Mushtaq Bhat: Immigrant doctors are eager to serve, but US immigration policy won’t let us

America’s visa restrictions are frustrating for immigrant physicians, but downright dangerous for the US, writes Mushtaq Bhat

When New York called on doctors to help during their surge of covid-19 cases in April, I wasn’t allowed to go. Then last month, when Houston began transferring patients to Dallas, the city where I live, because they were running out of beds, I couldn’t extend my hours to help. I’ve been practicing internal medicine in the United States for a decade, but as long as I’m on my current H-1B visa, I can only work a limited number of shifts for one employer. The rest of the time I sit at home and feel helpless. Meanwhile, our downtown hospitals are in such desperate need that they’re bringing in doctors from other states

It shouldn’t be this way, but an estimated 12 000 physicians with H-1B visas are stuck in a similar situation. According to a recent survey of immigrant healthcare professionals, over 93% would be willing to serve on the frontlines of the pandemic if given the opportunity. But many of them will be held back from acting on that desire to help.

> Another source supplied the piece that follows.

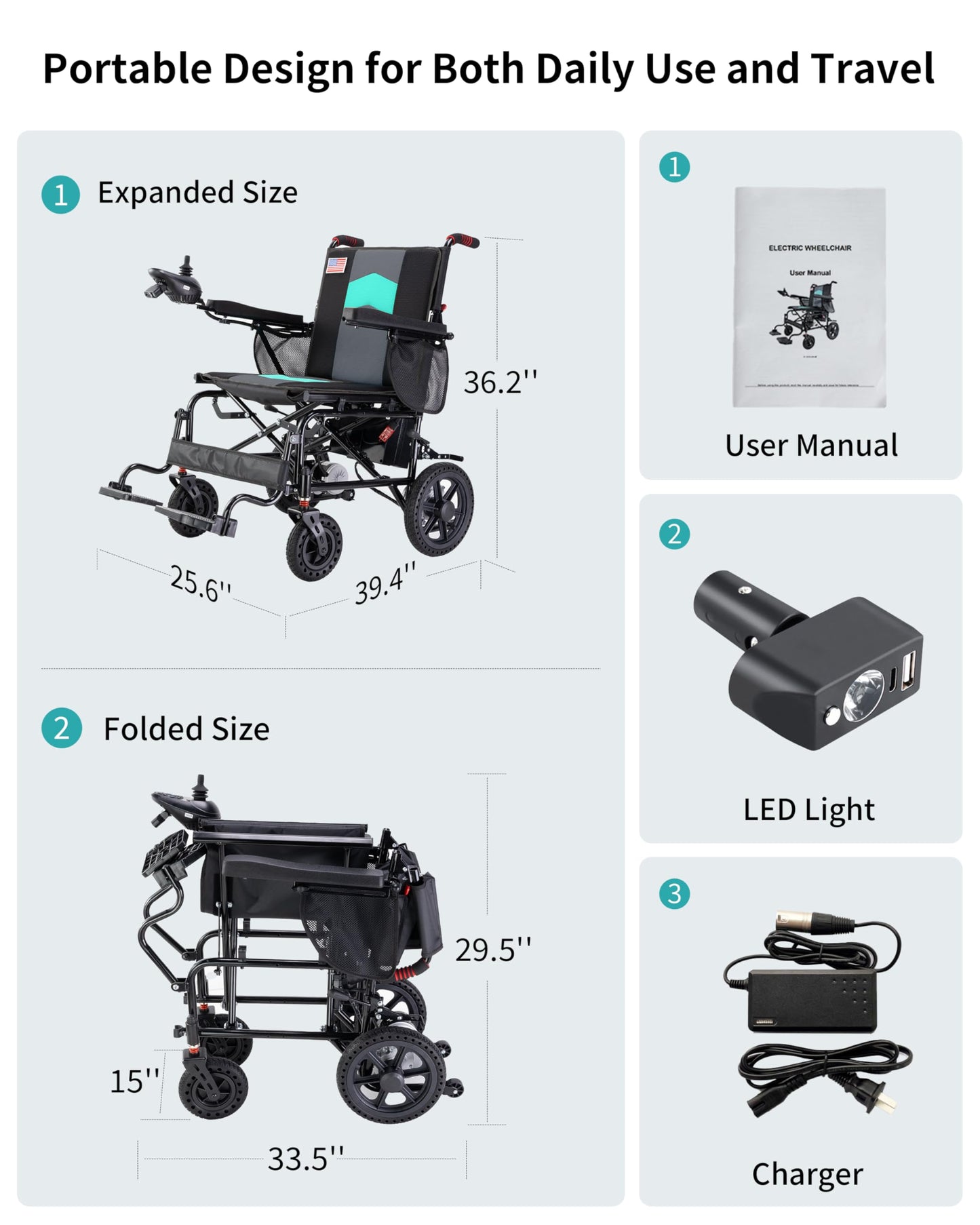 Specared 22'' Widest Seat Electric Wheelchairs, 500W Motor All Terrain Power Wheelchair, Foldable Lightweight 350 lb Support, Blue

The problem is twofold. Firstly, only 7% of green cards can go to citizens of any single country each year. My green card application was accepted in 2015, but since I’m from India, approval could in theory take 150 years. Secondly, the White House recently banned thousands of international doctors who were poised to start American residency programs from entering the country. There are not enough American medical students to fill those spots, so hospitals are increasingly short staffed.

That’s frustrating for immigrants like me, but it’s downright dangerous for the US. This country has a severe shortage of healthcare workers and it’s only predicted to get worse, with the Association of American Medical Colleges estimating the US could face a shortage of 139 000 physicians by 2033. In 2015, Texas, where I practice, had 20 counties without a single working physician—more counties than any other state in the nation, according to New American Economy, and 63 counties don’t have a hospital

With physicians retiring and no new doctors to take their place, hospitals are often forced to close. Since 2010, 120 rural hospitals have closed in the US, with 20 of those in Texas. Internationally trained physicians are often more likely to work in rural, underserved areas, but we’re unable to fill all these gaps, especially as visa rules tighten. This means many people are being deprived of medical care, especially during such a vulnerable time as this pandemic.

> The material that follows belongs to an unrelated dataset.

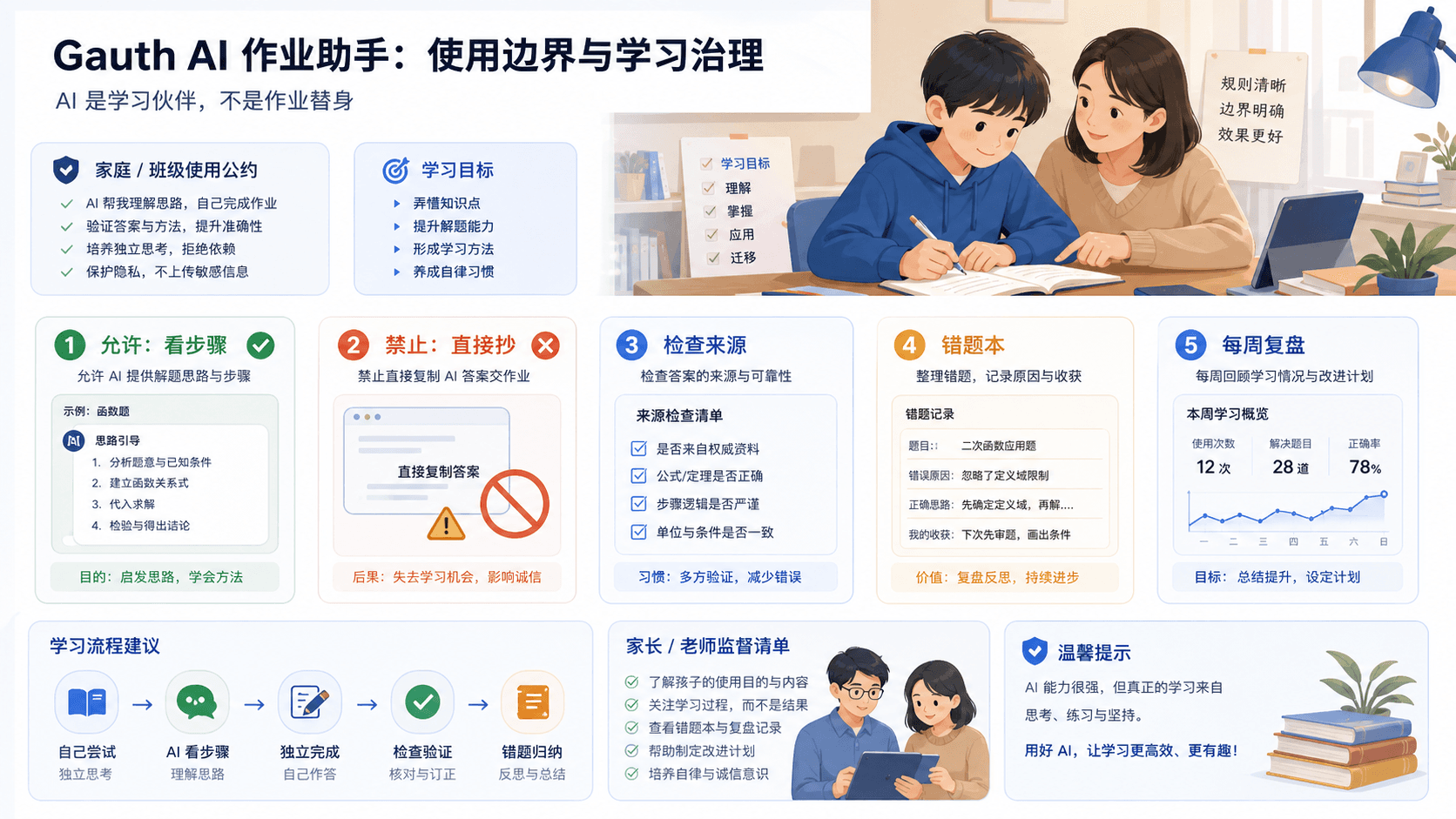 Gauth AI 使用边界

I love this country and am eager to become a citizen. After living in Buffalo, New York for eight years, my wife and I moved to Dallas in 2018, bought a home, and enrolled our kids in school. It never crossed our minds that we would get stuck in this immigration quagmire. If we’d known, we likely would have chosen a different country—something well educated Indian immigrants are increasingly doing. 

My family also depends on my visa, so if I were to get covid-19 and die, they could be deported. I gave my wife a folder with all my important information in case something happens to me. She’d have to sell our home and leave within a month, or risk being detained by Immigration and Customs Enforcement. Two of our children were babies when they came here and don’t know anyone in India. The other two were born here and are American citizens. It’s a scary time for us. I’m on the frontlines and risking my life, yet I have no protection.  

We love the US, but my wife and I often ask ourselves, is this where we want to stay? If we’d been born in another country, we’d have citizenship by now. It makes no sense. There are banners outside my hospital saying, “heroes work here,” but I don’t want to be a hero. I just want the same protection and ability to do my job as everyone else. 

Mushtaq Bhat is an internal medicine physician with Texas Health Presbyterian Hospital Dallas.

Competing interests: None declared.

Acknowledgement: Thanks to the non-profit organization New American Economy for their assistance with the article.